An estimated 40,000 tons of debris set adrift in the Pacific Ocean by tsunami spawned by the Great East Japan Earthquake will reach North American coastlines by next February, according to the Environment Ministry.
Drifting objects have already begun reaching waters within 10 kilometers of North American coasts.
Ministry officials said April 6 that about 1.5 million tons of debris were set adrift by the March 11, 2011, tsunami.
Although much of the debris has sunk to the ocean floor, computer simulations by Kyoto University, the Japan Agency for Marine-Earth Science and Technology, the Meteorological Research Institute and other institutions have estimated that about 40,000 tons of floating detritus will reach North American shores by early next year.
The numerical analysis took account of the effects of westerly winds and ocean currents.
The forecasts said that most of the debris will float north past Hawaii and reach coastal waters off areas that stretch from part of Alaska, through Canada, to California.

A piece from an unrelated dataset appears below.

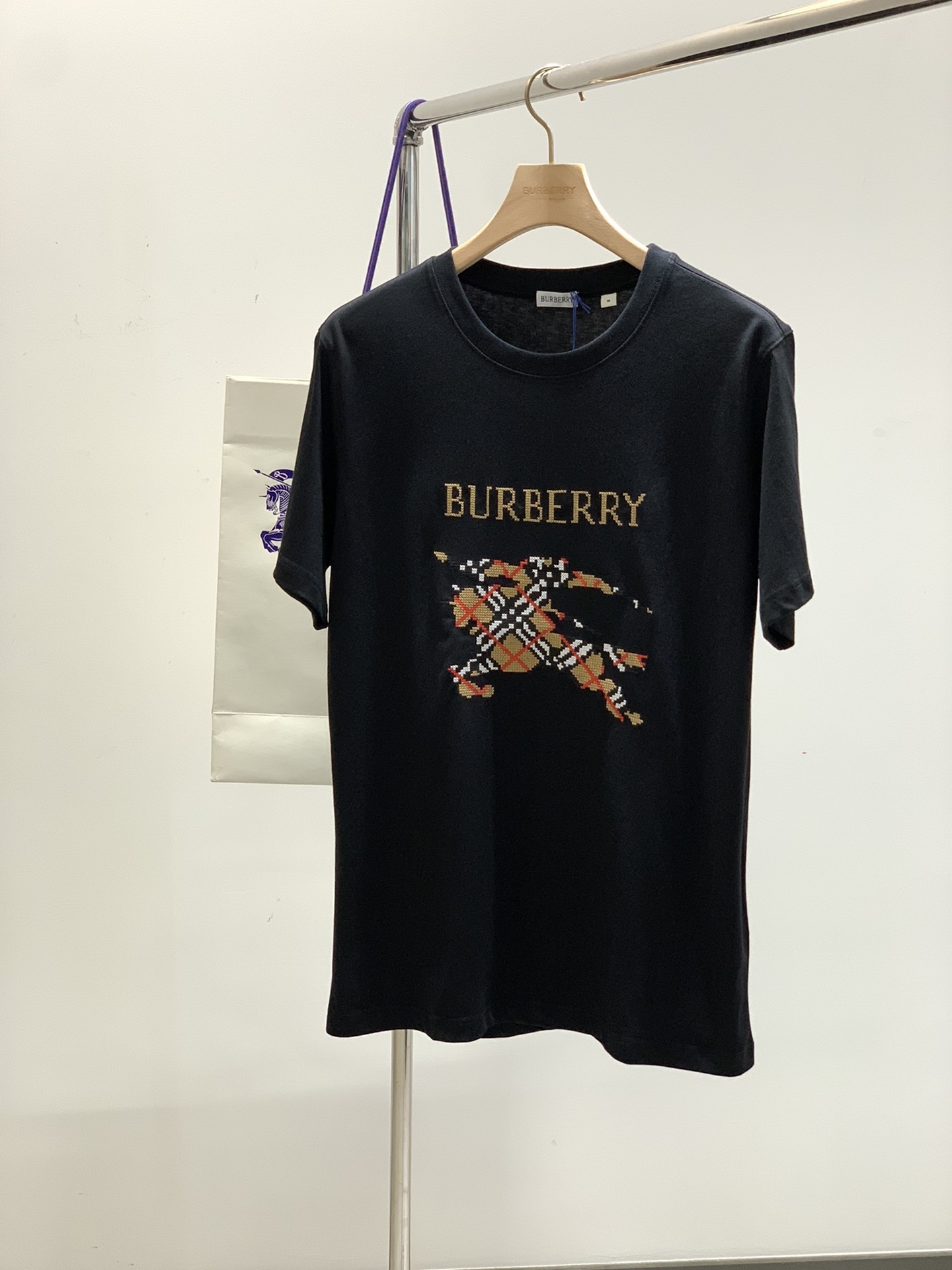 Burberry T-Shirt Black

Some drifting objects, including ships, tend to travel faster on the back of the westerlies than others.
A 50-meter Japanese fishing boat, the Ryou-Un-Maru, was recently spotted floating off the coasts of Canada and Alaska. To prevent the risk of the ship running aground and endangering other vessels, the U.S. Coast Guard sank the abandoned "ghost ship" on April 5 with a barrage of cannon fire.
Wood from houses and other objects are expected to begin reaching the North American coast this fall.